Cindy got La Casa's chicken taco salad, only it was served in a bowl and not in an edible tortilla shell like you'll find at some Mexican restaurants. It had some sort of a creamy mayo dressing on top with shredded lettuce over grilled chicken. The chicken was seasoned in some sort of spices - I guessed it was cumin and chili powder. Cindy thought it was all right.
We went back a few weeks later and decided to try their tacos. I got three tacos - a barbacoa (shredded beef), a carnitas (pork) and a carne asada (steak) all with double corn tacos, Mexican style with cilantro and chopped onions. The barbacoa was chopped into fine bits, but still pulled apart rather easily.

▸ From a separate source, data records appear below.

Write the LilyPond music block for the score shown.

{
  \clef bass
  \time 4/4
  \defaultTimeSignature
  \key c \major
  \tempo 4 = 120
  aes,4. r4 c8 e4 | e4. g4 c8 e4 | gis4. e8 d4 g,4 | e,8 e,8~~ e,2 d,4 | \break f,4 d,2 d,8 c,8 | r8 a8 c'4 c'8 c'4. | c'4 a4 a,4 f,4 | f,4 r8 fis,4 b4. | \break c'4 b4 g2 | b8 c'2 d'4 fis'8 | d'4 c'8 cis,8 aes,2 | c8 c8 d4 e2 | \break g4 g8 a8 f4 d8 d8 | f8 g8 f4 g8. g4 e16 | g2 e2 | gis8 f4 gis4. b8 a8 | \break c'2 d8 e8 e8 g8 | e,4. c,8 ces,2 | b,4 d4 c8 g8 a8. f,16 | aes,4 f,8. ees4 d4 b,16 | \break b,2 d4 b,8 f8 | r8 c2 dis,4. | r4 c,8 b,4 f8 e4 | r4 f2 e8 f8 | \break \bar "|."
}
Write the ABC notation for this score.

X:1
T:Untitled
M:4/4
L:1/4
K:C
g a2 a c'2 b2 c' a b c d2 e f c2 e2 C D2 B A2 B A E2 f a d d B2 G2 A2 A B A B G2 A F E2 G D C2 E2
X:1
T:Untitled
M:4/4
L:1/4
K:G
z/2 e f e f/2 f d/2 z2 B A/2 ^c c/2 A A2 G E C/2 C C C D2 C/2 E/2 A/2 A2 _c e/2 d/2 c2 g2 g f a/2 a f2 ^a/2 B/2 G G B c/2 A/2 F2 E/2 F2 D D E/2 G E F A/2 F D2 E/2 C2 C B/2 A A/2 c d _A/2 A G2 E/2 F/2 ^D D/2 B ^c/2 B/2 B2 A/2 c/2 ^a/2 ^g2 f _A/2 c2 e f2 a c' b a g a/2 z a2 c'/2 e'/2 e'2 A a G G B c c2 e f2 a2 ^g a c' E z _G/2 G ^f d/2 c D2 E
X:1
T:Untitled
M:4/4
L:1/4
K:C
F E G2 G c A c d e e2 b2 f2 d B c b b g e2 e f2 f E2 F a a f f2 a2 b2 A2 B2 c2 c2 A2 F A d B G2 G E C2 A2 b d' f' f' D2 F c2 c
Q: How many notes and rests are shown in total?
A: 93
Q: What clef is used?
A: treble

The steak was cooked well done, but still was chewable. And the pork carnitas had a nice seasoning on the large chunks of meat. The cilantro was fresh, as were the chopped onions. I doused the tacos in the green sauce to give them a little more of a zippy taste.
Cindy got a steak taco and a chicken taco. Once again, she wasn't certain she liked the chicken that they served at La Casa. She didn't think the seasonings they use with the grilled chicken was all that appetizing. Still, she thought the steak taco was good.
While La Casa isn't our favorite place in the Quad Cities, it does have a lot of interesting food on the menu. What we had on our visits is good, but I'm still somewhat amazed that the chef won't bend on items that aren't on the menu - but the ingredients are - even if it means an upcharge. And charging nearly a buck for another small basket of chips seems somewhat petty. Other than the very good chile verde sauce they serve on the table, and the very good service we received from both young ladies on our visits, La Casa is somewhat down on our list compared to other Mexican restaurants we like in the Quad Cities.